Hayata pamuk ipliğiyle değil de, bir sürü ipin birbirinin üstüne dolanarak
sarılmış bir halatla bağlı olunca insan dayanabiliyor her türlü sıkıntıya. Aşk
acısı, yıllar boyunca büyütülmüş bütün umutların bir anda suya düşmesi, ilk
gençlik hayallerinin bir gecede kırılıp un ufak olması, zifiri karanlığın
içindeyken, en yakınında sandığı, dost bildiklerinin aslında çok uzakta
olduğunu, en güvendiği, dağ gibi sırtını dayadığı ailesinin bile, kendi bildiği
dilde konuşamıyor olduğunu ayrımsadığı anda, kapkaranlık, çok derin bir kuyunun
içinde buluvermişti kendini. Küçücük bir ışık için kibrit yakmaya bile mecali
kalmamıştı onca kakofoni içinde.
Çalıştığı
firmanın patronu yeni bir ihale alıp, bu zengin sahil kasabasına “gider misin?”

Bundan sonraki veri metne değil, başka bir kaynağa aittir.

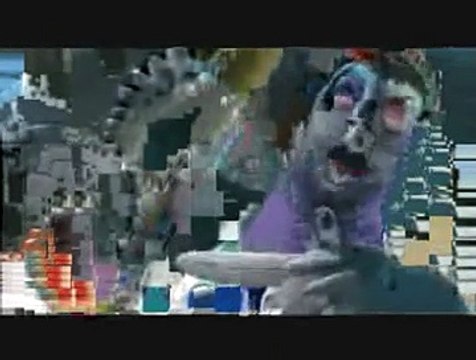 Vaillant, pigeon de combat ! Making Of VO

diye sorduğunda, tereddüt etmesi için hiçbir neden yoktu. O büyük şehirde, yıllardır
var ettiği bağların hiç biri, bu teklifi reddetmesi için yeterli değildi. Bir
anda kararını verip, hiç düşünmeye bile ihtiyaç duymadan “giderim tabii ki”

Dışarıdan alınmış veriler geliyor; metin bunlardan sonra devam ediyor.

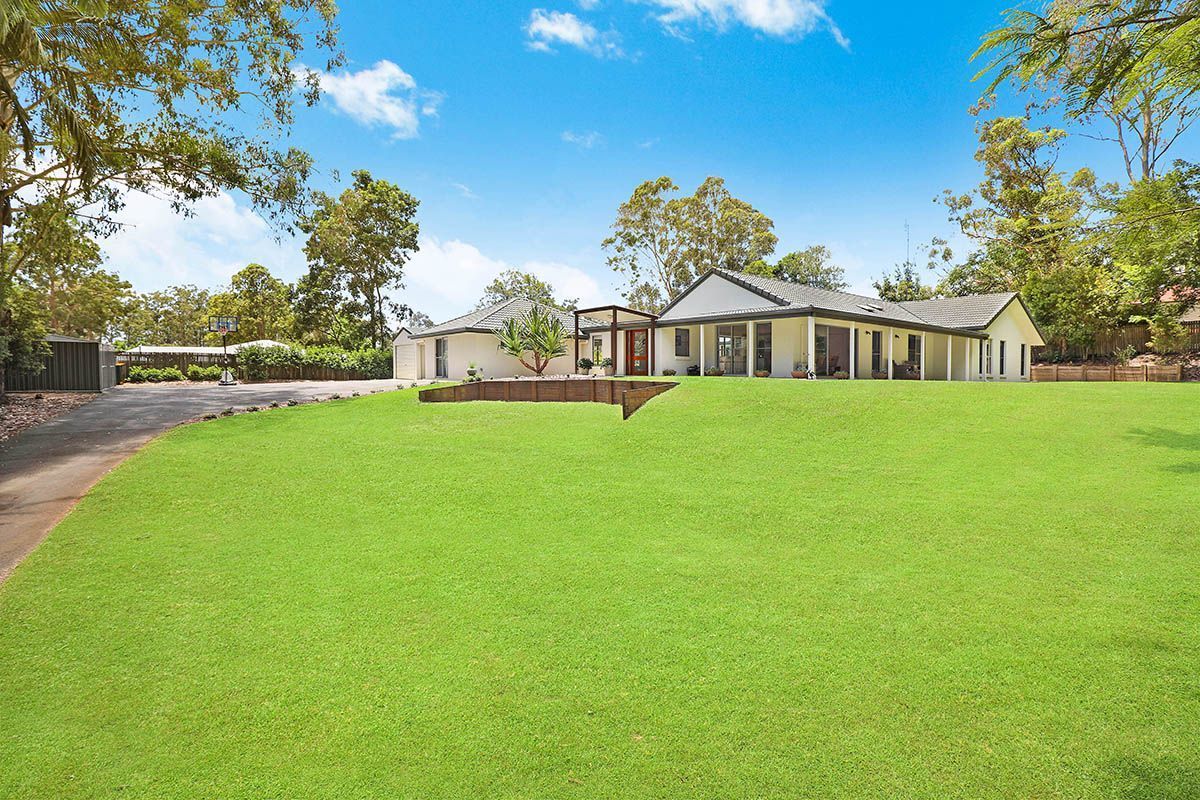 11 Nunkeri Court, Forest Glen QLD 4556, Image 1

demişti. Onca yıkıntıyı ardında bırakıp, kafasını çevirip bakmaya bile gerek
duymadan, ertesi gün düşmüştü yola.
Burada kaldığı
dört ay boyunca son beş yılını filtreden geçirdi. Kendine hiç acımadı, acıması
için bir neden yoktu zaten. Duvara çarpmış ve duvar yıkılmıştı. Aslında beş yıl
boyunca emekle örmüştü o duvarı ama olsun, o çarpmasa gene yıkılacaktı, hem o
zaman, altında bile kalabilirdi yıkıntının. Kaybedecek hiçbir şey olmadan,
kendine küsmesi için hiçbir neden yokken, bütün hesaplaşmalarını yaptı geçen
dört ay içinde; hem kendisiyle, hem geçmişiyle, hem çevresiyle. Suçları değil,
sebepleri yakalamaktı derdi. Büyük şehrin o cehennem kalabalığında mümkün
değildi bu sorgulama. O mahşerin içinden çıkan her parazit yeterliydi kaytarmak
için. Neyi yanlış yaptığı değildi derdi, yaşanan yaşanmış, ödenecek fatura
çıkmıştı ortaya. Artık, bundan böyle, nerede, ne yapmaması gerektiğini
öğreniyordu. Yaşananlar öğrenmenin bedeliydi zaten. Her şey böyle değil miydi
hayatta? Bütün bir yaşam, tercihlerimizin bedelini ödemekle geçmiyor mu?
Gözü hâlâ
karşıdaki dönercideydi. Çakılıp kalmıştı bakışı ama zihni o geçen dört ay
boyunca yaptığı hesaplaşmaların bilançosundaydı. İşte tam o sırada fark etti koşa
koşa, telaşla otobüse doğru koşan çifti. Elele koşarmış gibi ama aslında uçarak
geldiler otobüse. İkisinin de dudaklarının gamzesi neredeyse kulaklarındaydı
bindiklerinde. Kıkırdayarak yerleştiler bir öndeki koltuğa. O kadar rahat, neşe
ve hayat doluydular ki, otobüs kaçmış olsa bile arkadan uçarak yetişirlerdi
nasıl olsa. Aşk böyle bir şey işte. Bilmez mi? Otobüsün saatini bile unutturur
insana.
Yok, kıskançlık
değil, hayranlıktı hissettiği gençlerin mutluluğunu görünce. Hak edilmiş bir
mutluluktu, gözlerin ışıltısından belliydi. O da hak ediyordu bu mutluluğu,
emindi ama üst üste gelen şanssız rastlantılar, şimdilik ertelemişti yüzündeki
gülücükleri. İşte birazdan, otobüs hareket edecek ve o hak ettiği mutluluğa
ulaşacağı yeni bir yaşama ulaştıracaktı sabaha. Yol birkaç saatti ama buraya
geldiğinden beri beyninin kıvrımlarında dolaşan filmler birbiri ardında geçiyordu
aklından şimdi. O mutlu genç çiftin ön koltuğa yerleşmesiyle birlikte otobüs
harekete geçmişti aslında ama dört ay boyunca zihninde yaptığı beş yıllık
hesaplaşmayı o bir kaç saniye içinde yeniden gözden geçirdi; kararlarını da
elbette.
Buraya gelirken
sırtını kambur yapan karabasan yükün yerinde geçmişin hesaplaşmasıyla büyüyen
kanatları vardı artık. Hayata ve geleceğe dair bütün kararlarını gözden
geçirdi. Artık dönünce nerede, ne yapmaması gerektiğini çok iyi biliyordu ve
hayata yeniden başlarken yavaş yavaş acele etmesi gerektiğinden de emindi. Hemen
kalemini çıkarttı, aklındaki dizeleri koltuk cebine koyduğu derginin arka
sayfasına yazmaya başladı:
Ardımda koca bir deniz,
maviden beyaz kara bir deniz.
Gemileri yanmış uçsuz bir deniz,
dalgaları külden engin bir deniz.
Coşkun yakamozları karanlık bir deniz,
ay ışığından parlak perili bir deniz.
İçinde benliğim kurutulmuş deniz,
gelecek yağmurda ben ve deniz, ikimiz.
(*) Festina
lente: Erasmus’un çok sevdiği, “yavaşça acele et” anlamında latince bir özlü söz.